We were lucky enough to meet someone very special in Traverse City, Michigan.  We previously mentioned that our friend was gracious enough to arrange for us stay at his grandfather’s house while we were there.  If the calendar on the wall is any indication, then Papa died in May of 2011.  But his presence, his spirit is alive and well in his home.  It seems as if he’s just around the corner visiting the fire station and will be back any minute.  And by looking around at all the love in that house, you wish he was.  More than that, the home feels familiar.  It’s of an age and décor that both David and I remember from our own childhood visits to our grandparents’ homes. It even smells (in a good way) like being at our grandparents’ houses.

It didn’t necessarily feel like this at the time, but we’ve since talked about how it was something like a museum. We’ve been through other museums (most recently the Civil Rights Museum at the Lorraine Motel in Memphis) that capture a moment in time, and preserve history in some way.  This was an entirely more personal history, but we felt its impact just the same.

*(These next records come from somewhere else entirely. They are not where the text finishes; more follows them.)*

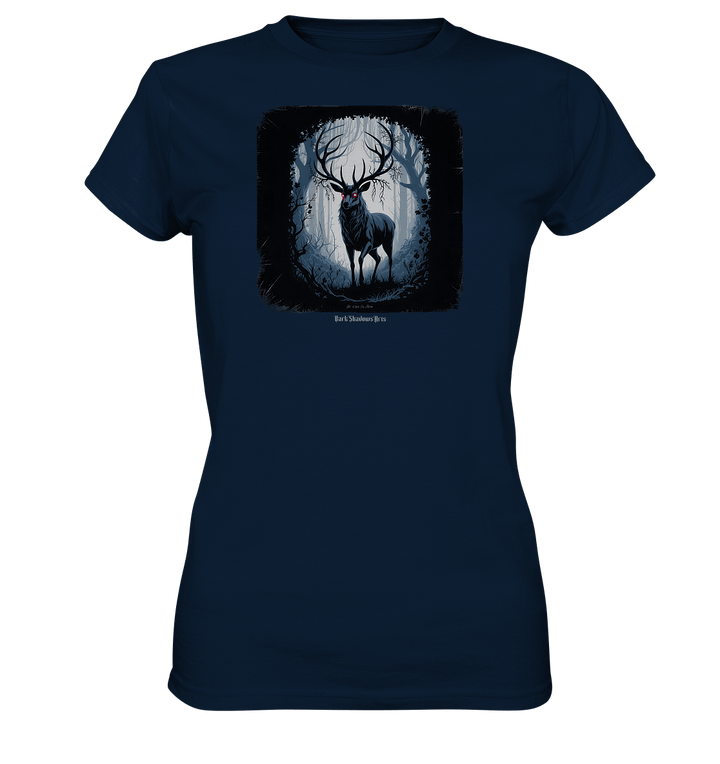 dark forest stag - die geheimnisvolle kraft des Waldes - Ladies Premium Shirt | Lady - Shirts | Dark Shadows Arts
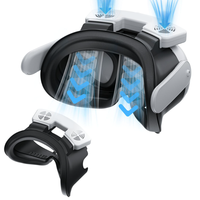 Ventilateur de refroidissement à circulation d'air pour Meta Quest3 Accessoires Ventilateur Refroidisseur à élimination rapide Brume respirante Couvre-visage de remplacement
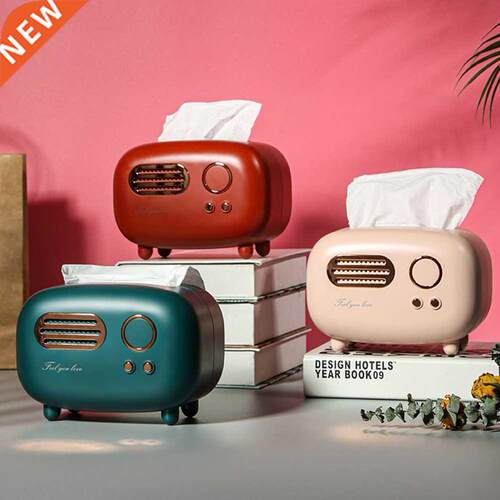 Radio Model Tissue Box Desktop Paper Holder Towel Storage Na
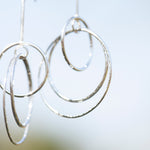 Load image into Gallery viewer, Cosmos earrings in silver     (made to order)
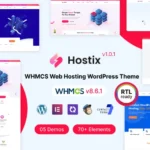 Hostix – Hosting WHMCS WordPress Theme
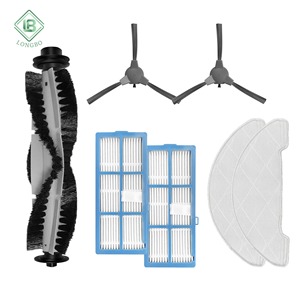 Compatible avec la série <span class=keywords><strong>Ultenic</strong></span> D5 D5S/D5S Pro/D5S Pro+ Brosse principale Brosse latérale Filtre HEPA Chiffon de nettoyage - Product Image 1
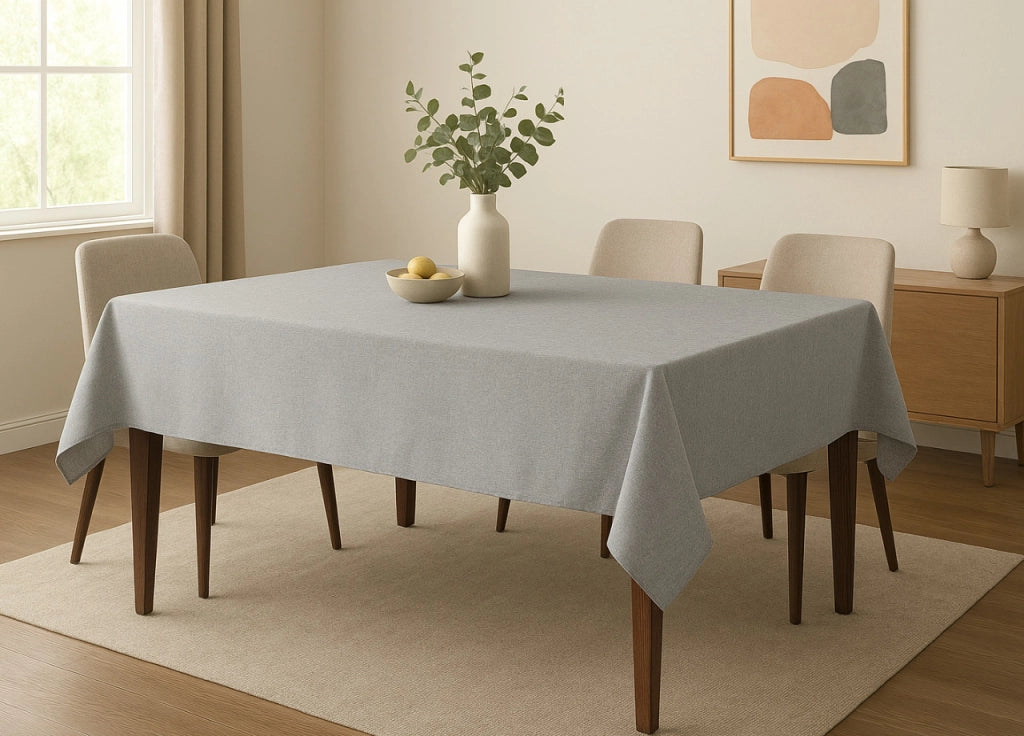 Tovaglia Cucina Soggiorno Antimacchia Idrorepellente Linen - Rotonda 160cm - Grigio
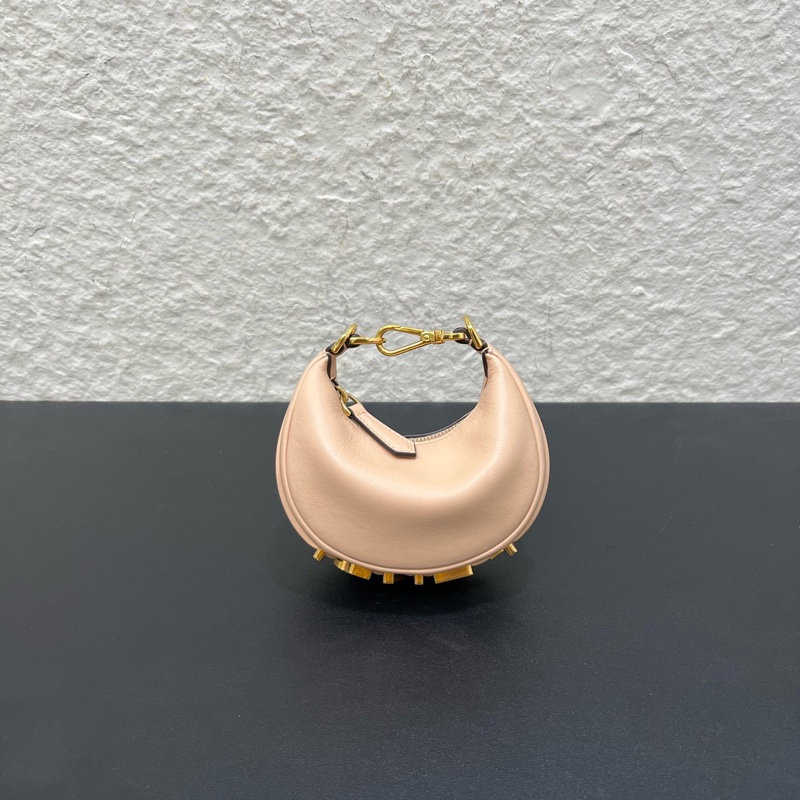 98新FENDI芬迪logo Graphy系列新月迷你手拿月牙包-0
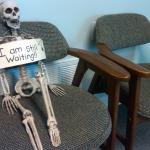 waiting room skeleton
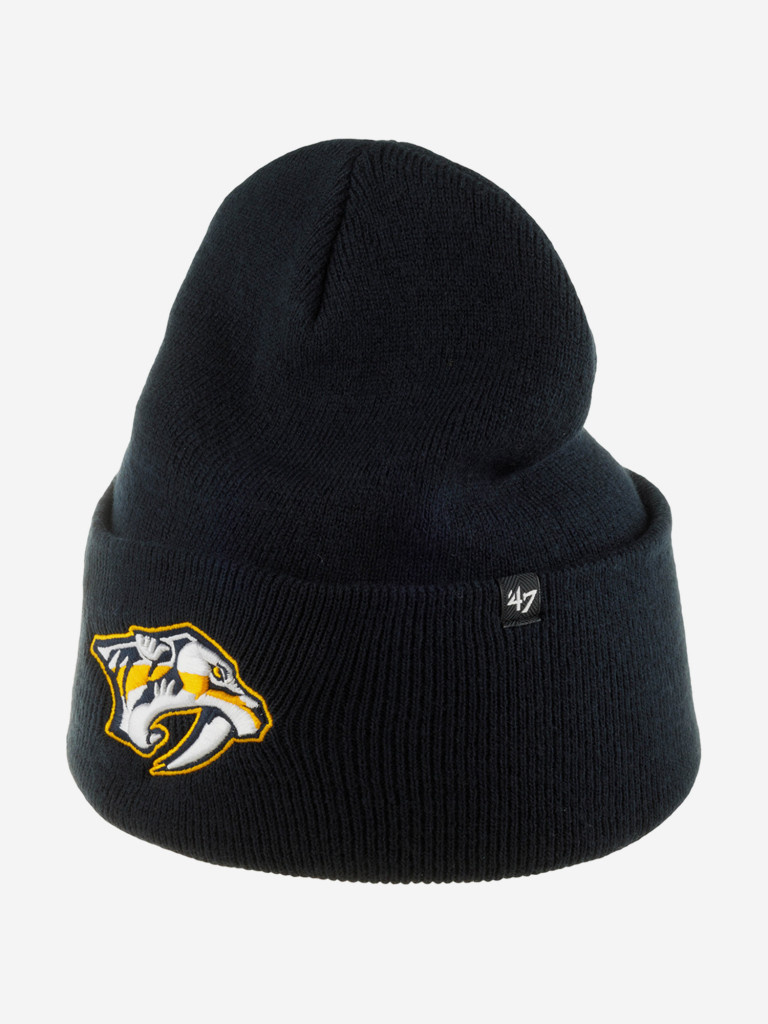 Шапка с отворотом 47 BRAND H-HYMKR30ACE-NY Nashville Predators NHL (синий)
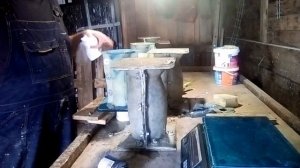 Изготовление ваз из мрамолит полимер бетона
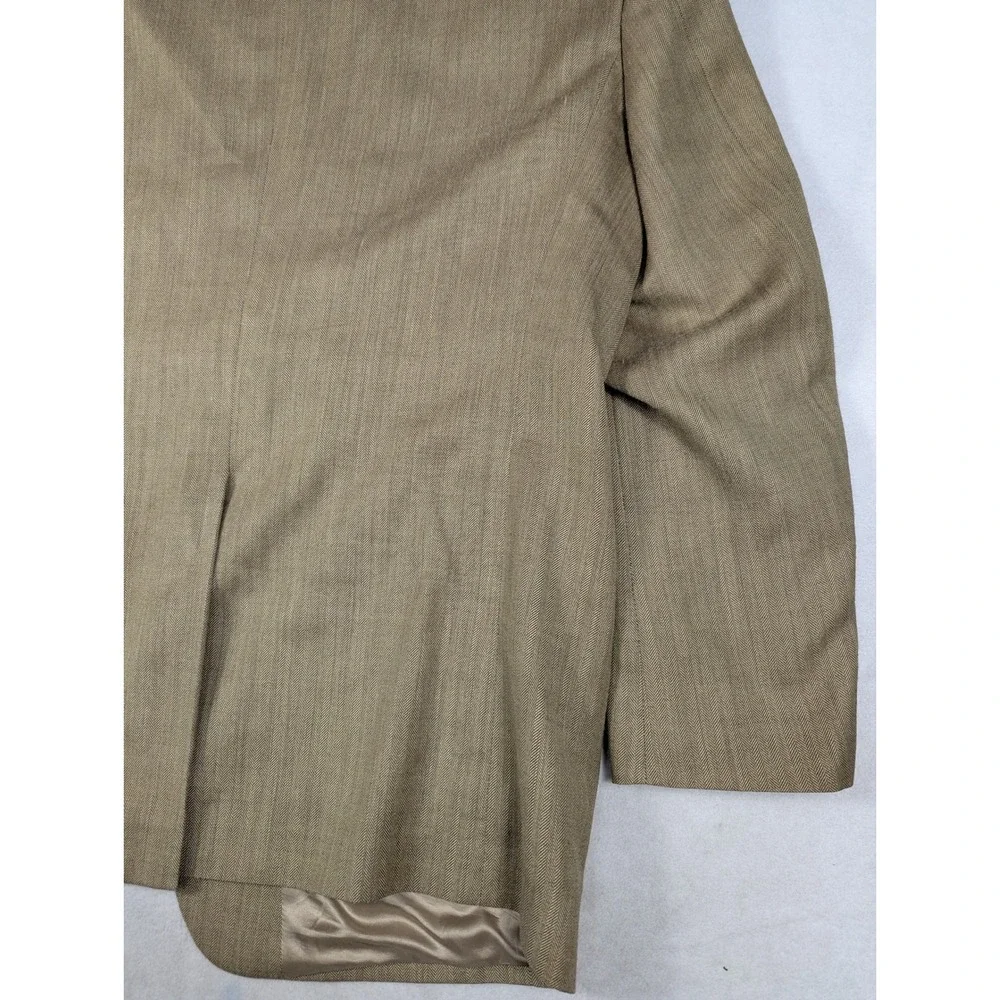 Lauren Ralph Lauren Silk Wool‎ Herringbone Mens Blazer Size 44L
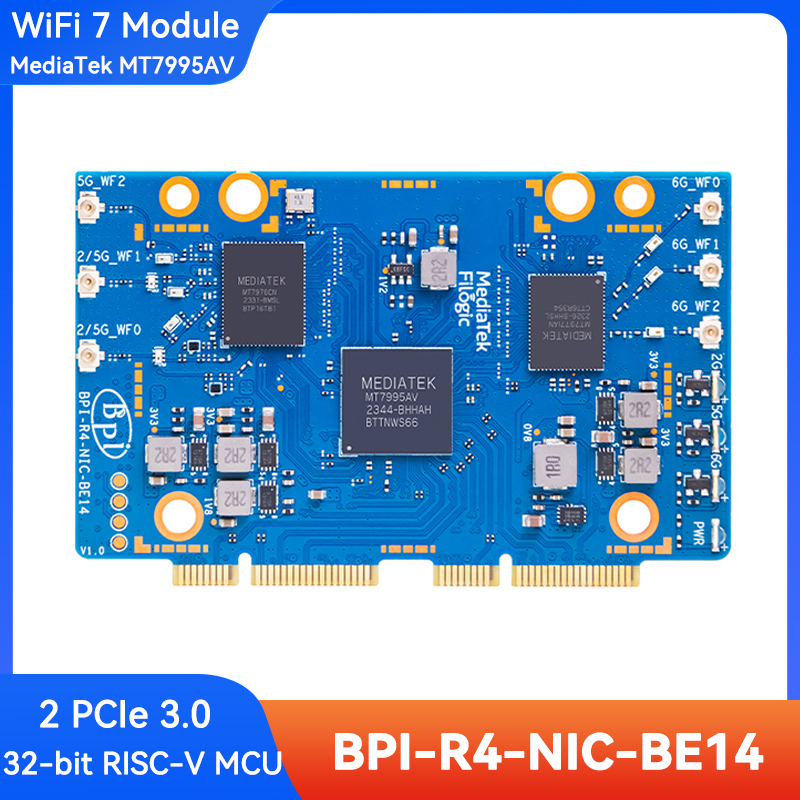 Banana Pi BPI-R4-NIC-BE14 WiFi - Bananapi Bpi R4 Wifi 7 recensie en prijs
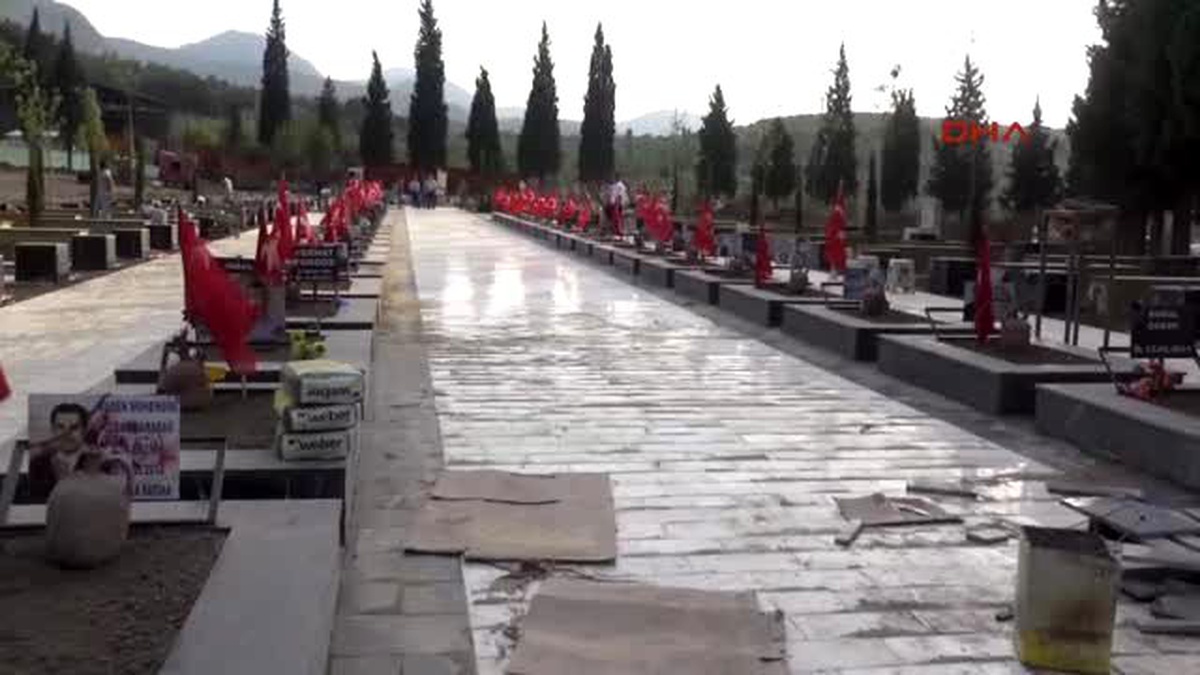 Soma Maden Şehitliği Çalışmalarında Sona Gelindi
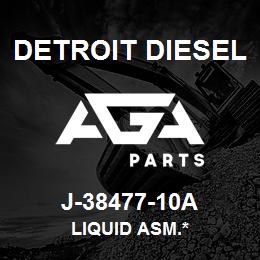 J-38477-10A Detroit Diesel Liquid Asm.* | AGA Parts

We never met Papa, but here is what we know about him, after having spent some time in his home, abiding with his memory.


He was a fireman. More than that, he was the Fire Chief. At one point he was a sheriff’s deputy, and was involved with the police department as well.  The man literally wore many hats.









He liked to golf.  There were lots of golf mugs, and golf humor on the walls.  He collected antique fire truck toys.   And we think he played the vibraphone (there were a set of them in the basement).  He struck us as a man who was full of jokes, laughter, and love.


He loved his kids, his grandkids, and his great-grandchildren.  There were pictures of them everywhere, in every room. The photos were in places you would always see them, like above the sink in the kitchen, on the fridge, on his desk, next to his favorite recliner in the living room. 


Everywhere we found little notes of love that had been given to him by people—we assume family but they’re not signed.  Little slips of paper or post-it notes that said “Love you Papa!” and “Sending smiles your way!”





Thank you Papa, for letting us stay.  And thank you, Brian, for introducing us to Papa.